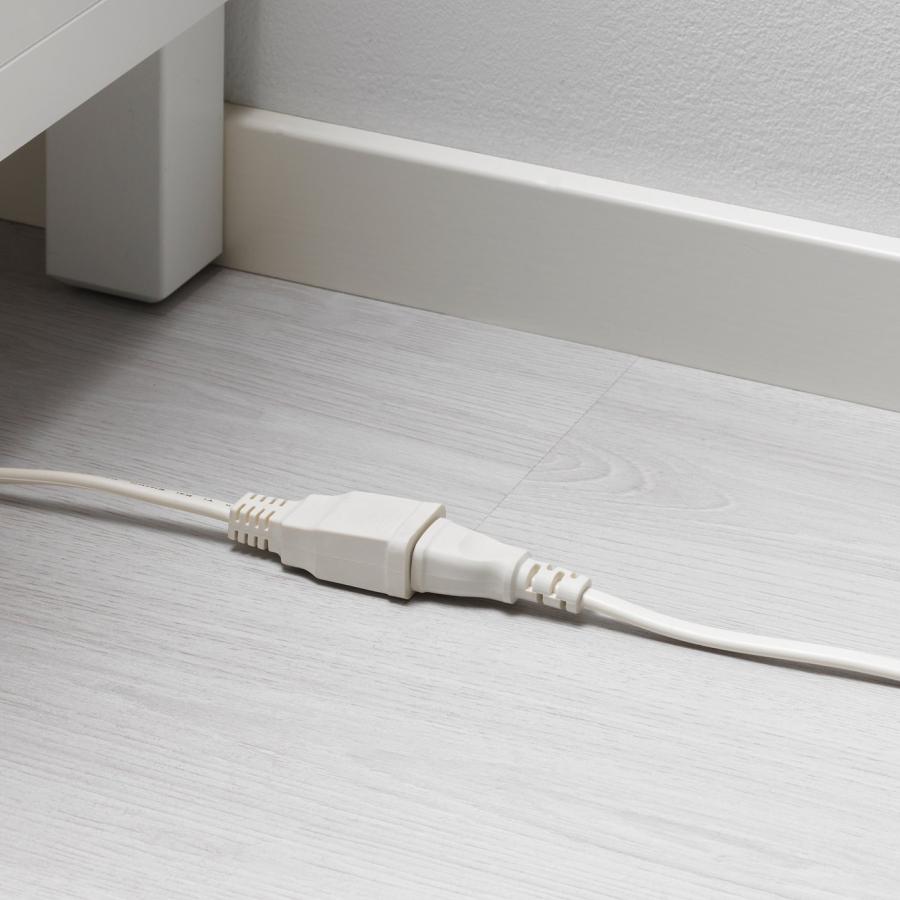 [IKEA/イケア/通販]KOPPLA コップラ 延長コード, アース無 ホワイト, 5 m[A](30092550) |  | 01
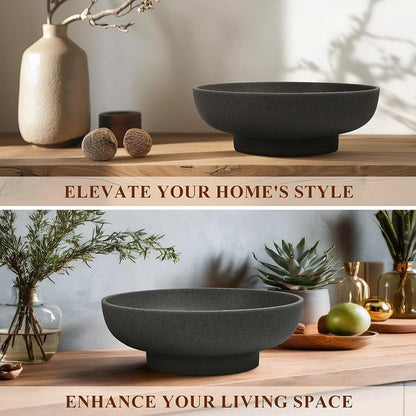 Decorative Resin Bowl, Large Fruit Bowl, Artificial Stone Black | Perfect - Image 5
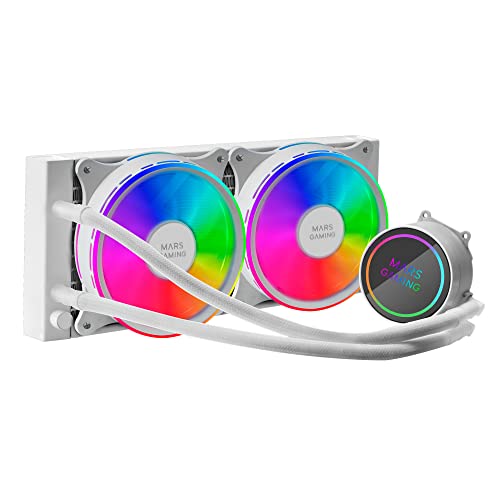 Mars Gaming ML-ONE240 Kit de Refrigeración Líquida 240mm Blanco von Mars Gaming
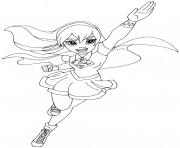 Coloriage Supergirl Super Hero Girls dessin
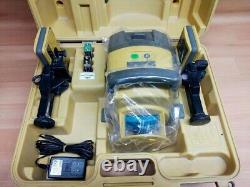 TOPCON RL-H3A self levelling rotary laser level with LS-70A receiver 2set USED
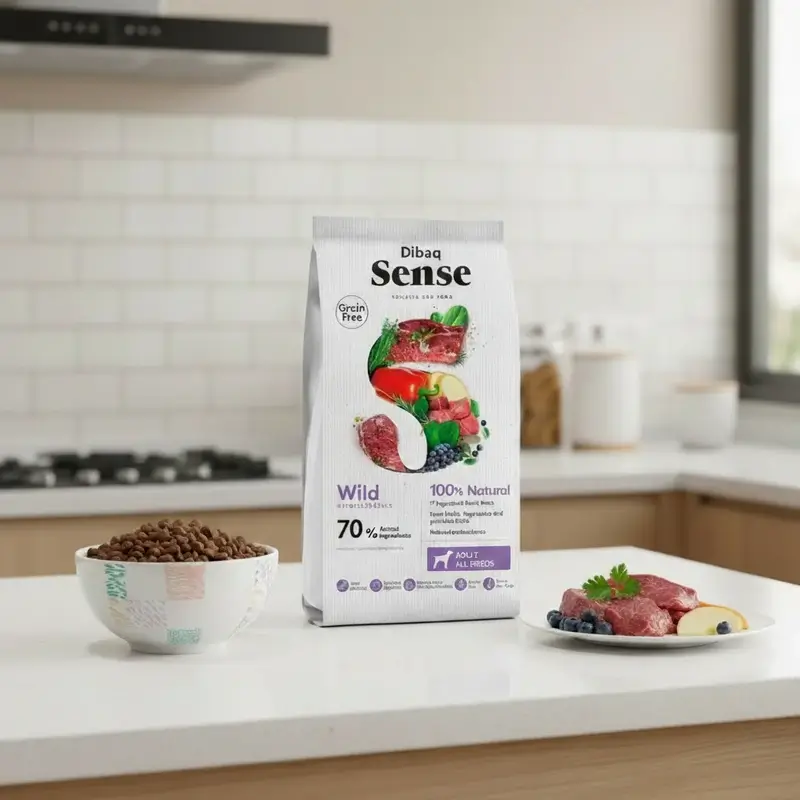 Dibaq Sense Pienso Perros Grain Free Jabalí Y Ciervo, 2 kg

==

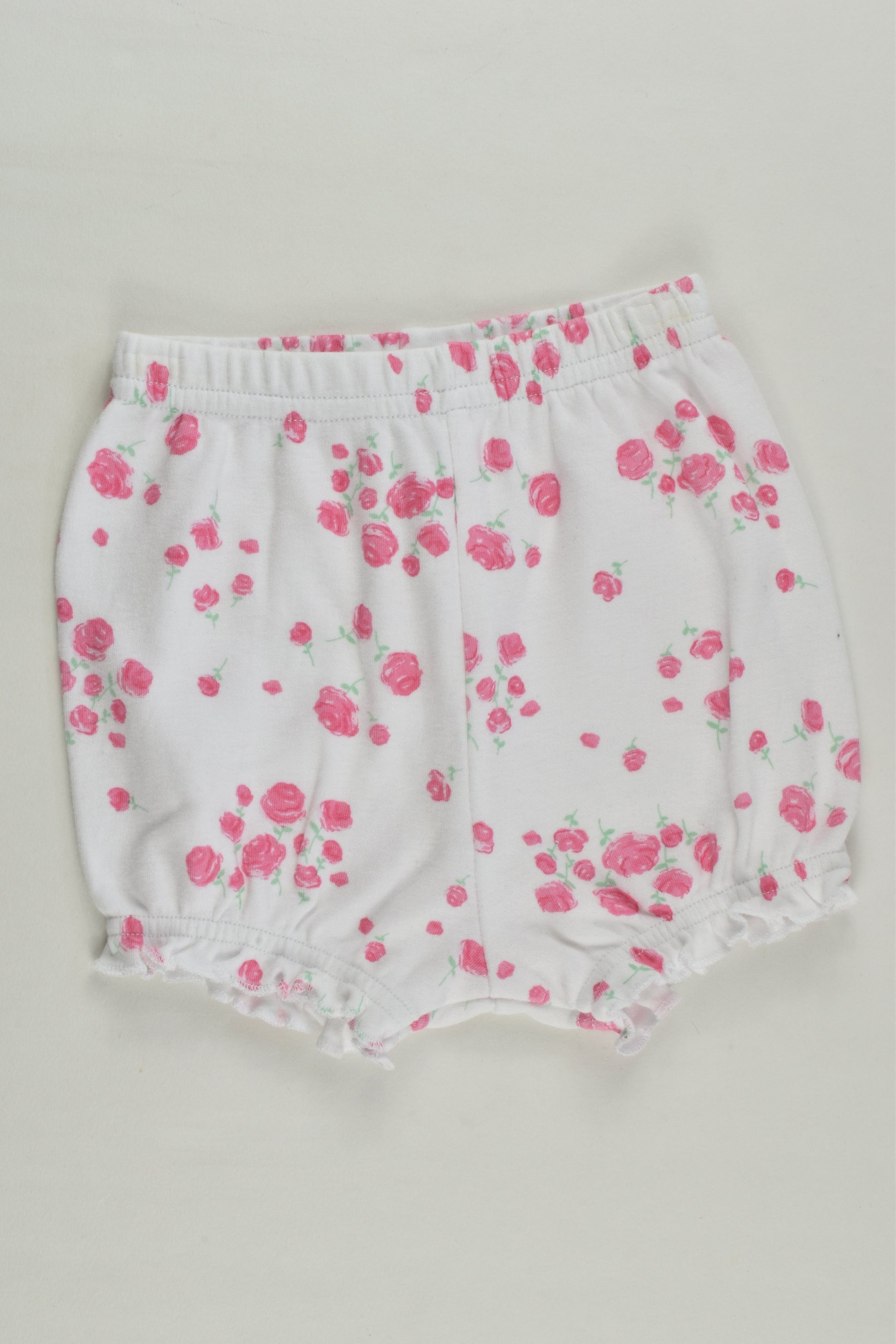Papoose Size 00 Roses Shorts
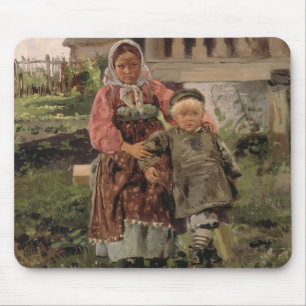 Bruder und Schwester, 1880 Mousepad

...

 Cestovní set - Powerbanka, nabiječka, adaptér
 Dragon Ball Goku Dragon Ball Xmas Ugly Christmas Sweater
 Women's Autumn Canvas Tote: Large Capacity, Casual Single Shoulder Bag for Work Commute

* ASSIGNMENT: Go to the line above that contains "Mars Gaming ML-ONE240" and reproduce everything exactly from there through the line that contains "Dibaq Sense Pienso", leaving out the pictures.

* ANSWER AREA:
 Mars Gaming ML-ONE240 Kit de Refrigeración Líquida 240mm Blanco von Mars Gaming
 Coloriage Supergirl Super Hero Girls dessin
 TOPCON RL-H3A self levelling rotary laser level with LS-70A receiver 2set USED
 Dibaq Sense Pienso Perros Grain Free Jabalí Y Ciervo, 2 kg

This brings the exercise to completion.